Study of Clustered Robust Linear Precoding for Cell-Free MU-MIMO Networks
A. Flores, R. de Lamare
TL;DR
The paper tackles downlink interference in cell-free MIMO under imperfect CSIT. It develops robust MMSE precoding with a loading term to mitigate residual interference and derives a structured solution $\mathbf{P}^{(\text{r})}=f_{\tau}\bar{\mathbf{P}}$, where $\bar{\mathbf{P}}=(\hat{\mathbf{G}}^{*}\hat{\mathbf{G}}^{\mathrm{T}}+(1+f^2)\mathbb{E}[\tilde{\mathbf{G}}^{*}\tilde{\mathbf{G}}^{\mathrm{T}}]+\lambda f_{\tau}^{2}\mathbf{I})^{-1}\hat{\mathbf{G}}^{*}$. To enable scalability, it introduces AP/user clustering and AP selection, yielding sparse and cluster-based variants (MMSE-RB-SP, MMSE-RB-RD, MMSE-RB-RD) with reduced signaling and complexity.

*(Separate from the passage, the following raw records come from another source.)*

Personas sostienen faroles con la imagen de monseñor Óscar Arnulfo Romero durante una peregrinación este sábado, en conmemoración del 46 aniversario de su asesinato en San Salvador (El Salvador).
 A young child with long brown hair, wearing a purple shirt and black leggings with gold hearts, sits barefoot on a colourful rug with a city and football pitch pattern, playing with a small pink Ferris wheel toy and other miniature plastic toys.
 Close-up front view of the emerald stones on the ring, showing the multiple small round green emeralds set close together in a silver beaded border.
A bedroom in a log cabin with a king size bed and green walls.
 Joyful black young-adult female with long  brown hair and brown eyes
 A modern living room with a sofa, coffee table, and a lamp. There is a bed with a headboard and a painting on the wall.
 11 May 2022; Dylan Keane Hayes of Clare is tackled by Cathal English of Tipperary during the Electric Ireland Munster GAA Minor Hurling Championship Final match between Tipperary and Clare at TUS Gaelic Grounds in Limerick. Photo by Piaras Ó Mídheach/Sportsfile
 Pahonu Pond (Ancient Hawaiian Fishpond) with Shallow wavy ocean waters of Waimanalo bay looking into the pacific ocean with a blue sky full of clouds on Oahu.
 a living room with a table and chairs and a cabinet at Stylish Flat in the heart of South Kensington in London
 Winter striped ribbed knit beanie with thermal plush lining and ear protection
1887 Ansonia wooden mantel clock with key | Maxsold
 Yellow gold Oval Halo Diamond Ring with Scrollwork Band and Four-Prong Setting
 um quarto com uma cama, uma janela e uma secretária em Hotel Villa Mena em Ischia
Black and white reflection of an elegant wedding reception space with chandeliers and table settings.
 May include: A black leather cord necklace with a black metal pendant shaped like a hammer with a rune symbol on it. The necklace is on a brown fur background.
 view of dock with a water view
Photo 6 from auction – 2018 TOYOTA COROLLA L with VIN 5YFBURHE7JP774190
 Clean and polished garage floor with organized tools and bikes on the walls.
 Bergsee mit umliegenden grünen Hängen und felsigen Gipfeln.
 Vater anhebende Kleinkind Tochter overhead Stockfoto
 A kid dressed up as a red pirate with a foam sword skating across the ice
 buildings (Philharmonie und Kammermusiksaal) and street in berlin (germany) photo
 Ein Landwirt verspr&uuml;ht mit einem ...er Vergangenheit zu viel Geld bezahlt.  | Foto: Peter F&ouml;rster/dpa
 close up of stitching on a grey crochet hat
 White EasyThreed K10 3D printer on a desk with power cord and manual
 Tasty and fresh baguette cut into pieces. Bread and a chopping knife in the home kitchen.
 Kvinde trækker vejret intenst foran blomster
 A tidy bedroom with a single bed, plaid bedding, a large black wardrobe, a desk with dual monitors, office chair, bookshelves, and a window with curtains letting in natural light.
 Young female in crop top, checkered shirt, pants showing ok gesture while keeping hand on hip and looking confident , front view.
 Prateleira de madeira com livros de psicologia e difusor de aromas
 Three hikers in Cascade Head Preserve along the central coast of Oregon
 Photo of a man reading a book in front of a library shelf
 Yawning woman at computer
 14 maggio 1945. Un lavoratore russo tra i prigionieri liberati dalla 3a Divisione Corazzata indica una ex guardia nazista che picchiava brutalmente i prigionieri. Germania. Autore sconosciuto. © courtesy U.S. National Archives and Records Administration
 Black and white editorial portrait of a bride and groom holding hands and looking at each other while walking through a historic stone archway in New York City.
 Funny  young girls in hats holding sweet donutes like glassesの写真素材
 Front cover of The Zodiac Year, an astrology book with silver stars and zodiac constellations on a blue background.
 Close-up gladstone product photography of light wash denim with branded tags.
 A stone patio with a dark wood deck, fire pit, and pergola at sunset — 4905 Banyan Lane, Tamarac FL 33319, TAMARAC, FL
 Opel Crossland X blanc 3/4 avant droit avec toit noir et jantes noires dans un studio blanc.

Ergodic sum-rate analysis and extensive simulations demonstrate that the proposed robust schemes outperform conventional MMSE precoding across CSIT accuracy levels, with a clear tradeoff between performance and complexity. The work provides practical, scalable precoding solutions for CF-MIMO deployments facing CSIT imperfections.
Abstract
Precoding techniques are key to dealing with multiuser interference in the downlink of cell-free (CF) multiple-input multiple-output systems. However, these techniques rely on accurate estimates of the channel state information at the transmitter (CSIT), which is not possible to obtain in practical systems. As a result, precoders cannot handle interference as expected and the residual interference substantially degrades the performance of the system. To address this problem, CF systems require precoders that are robust to CSIT imperfections. In this paper, we propose novel robust precoding techniques to mitigate the effects of residual multiuser interference. To this end, we include a loading term that minimizes the effects of the imperfect CSIT in the optimization objective. We further derive robust precoders that employ clusters of users and access points to reduce the computational cost and the signaling load. Numerical experiments show that the proposed robust minimum mean-square error (MMSE) precoding techniques outperform the conventional MMSE precoder for various accuracy levels of CSIT estimates.